In certain counties, there will be fewer policies available with $0 premiums and a reduced number of PPO plans, which typically feature broader provider networks. According to Greg Berger, a partner at Oliver Wyman, insurers are mainly looking to withdraw from or scale back their less profitable products and geographic areas.
“A lot of MAPD plans are trying not to grow,” Berger noted, referencing Medicare Advantage plans that include prescription drug coverage.
Some Plans Will Offer $0 Deductibles for Prescription Drugs
For the first time, some Americans will have no Medicare Advantage plans available to them. Blue Shield of Vermont, Blue Cross, and UnitedHealthcare have chosen to discontinue their coverage in Vermont, leaving traditional Medicare as the only option for residents in eight counties.
Despite these reductions, most Medicare beneficiaries will still have a variety of options in 2026, with an average of 39 plans available, down from 42 plans this year.

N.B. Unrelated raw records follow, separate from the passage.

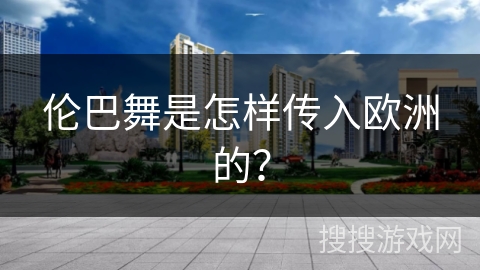 伦巴舞是怎样传入欧洲的？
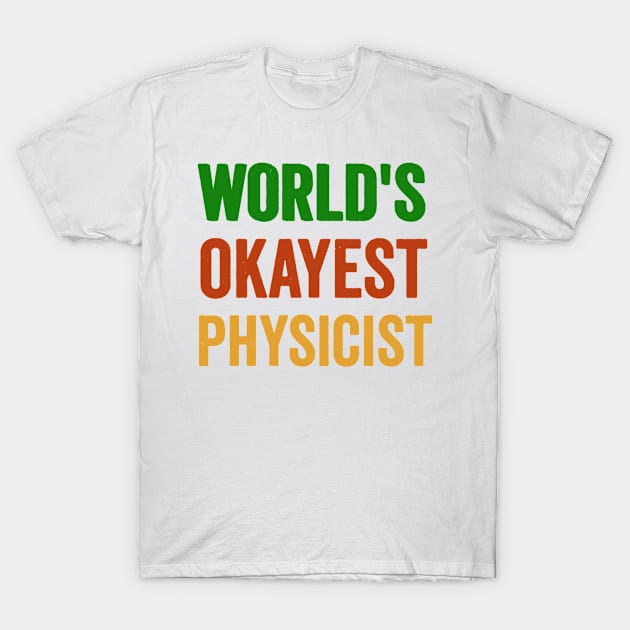 Physicist Gift T-Shirt by Sarah Creations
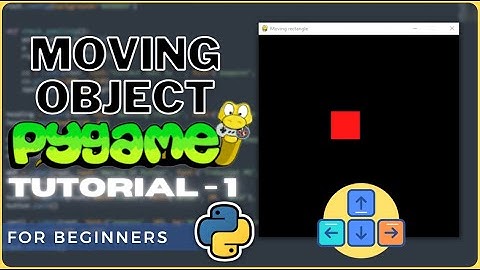 Pygame Tutorial  #1 - Moving an object using Python | Create your own games using Python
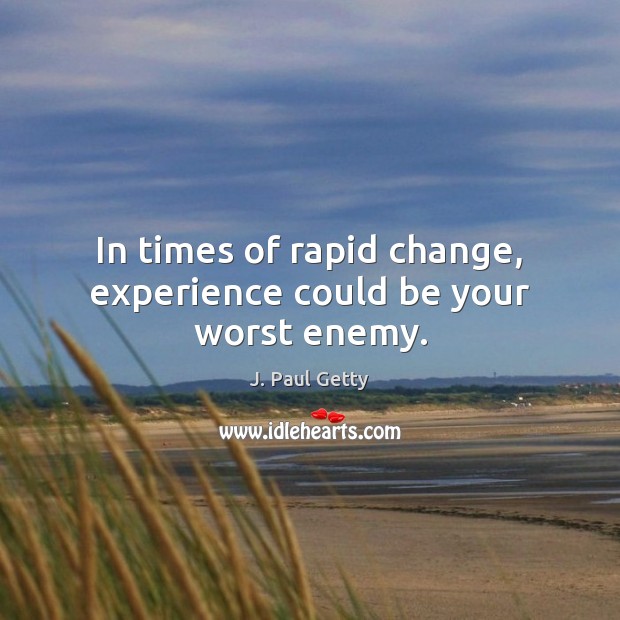 In times of rapid change, experience could be your worst enemy. Image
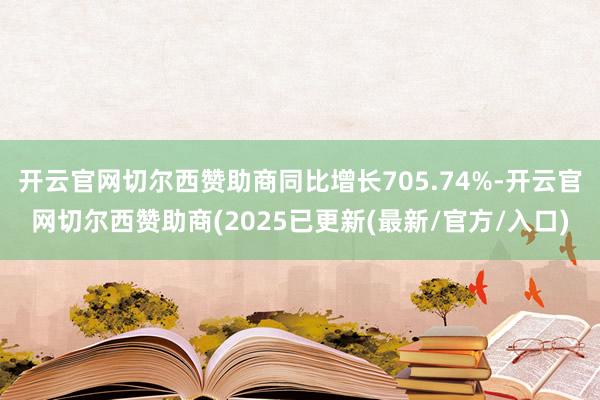 开云官网切尔西赞助商同比增长705.74%-开云官网切尔西赞助商(2025已更新(最新/官方/入口)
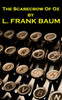 Lyman Frank Baum - The Scarecrow Of Oz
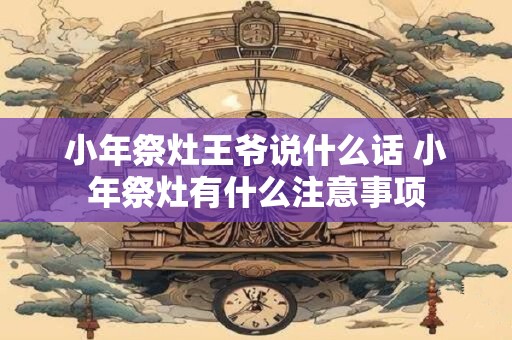 小年祭灶王爷说什么话 小年祭灶有什么注意事项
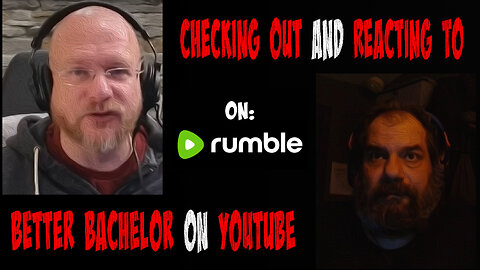 Checking Out and Reacting To Better Bachelor on YouTube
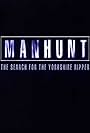 Manhunt: The Search for the Yorkshire Ripper (1999)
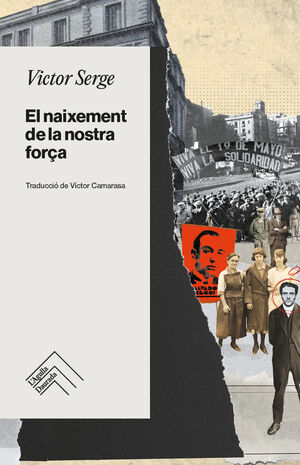 EL NAIXEMENT DE LA NOSTRA FORÇA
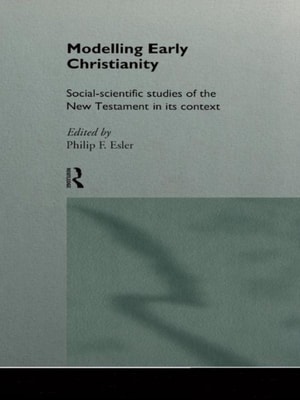 Modelling Early Christianity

“Millions of Medicare beneficiaries will continue to have access to a huge range of affordable coverage options in 2026,” stated Dr. Mehmet Oz, the administrator of the Centers for Medicare & Medicaid Services (CMS).
However, fewer plans will offer $0 deductibles for prescription drugs, and the maximum out-of-pocket limits for medical care will increase by $490, or about 10%, on average. For Medicare Advantage plans that include drug coverage and have a monthly premium, the average premium will rise to $66 next year, up from $60 this year.
Additionally, the supplemental benefits provided by Medicare Advantage plans, such as funds for over-the-counter medications, dental care, and vision services, are becoming less generous. For example, the average dental allowance is decreasing by 10% to $2,107, according to Berger.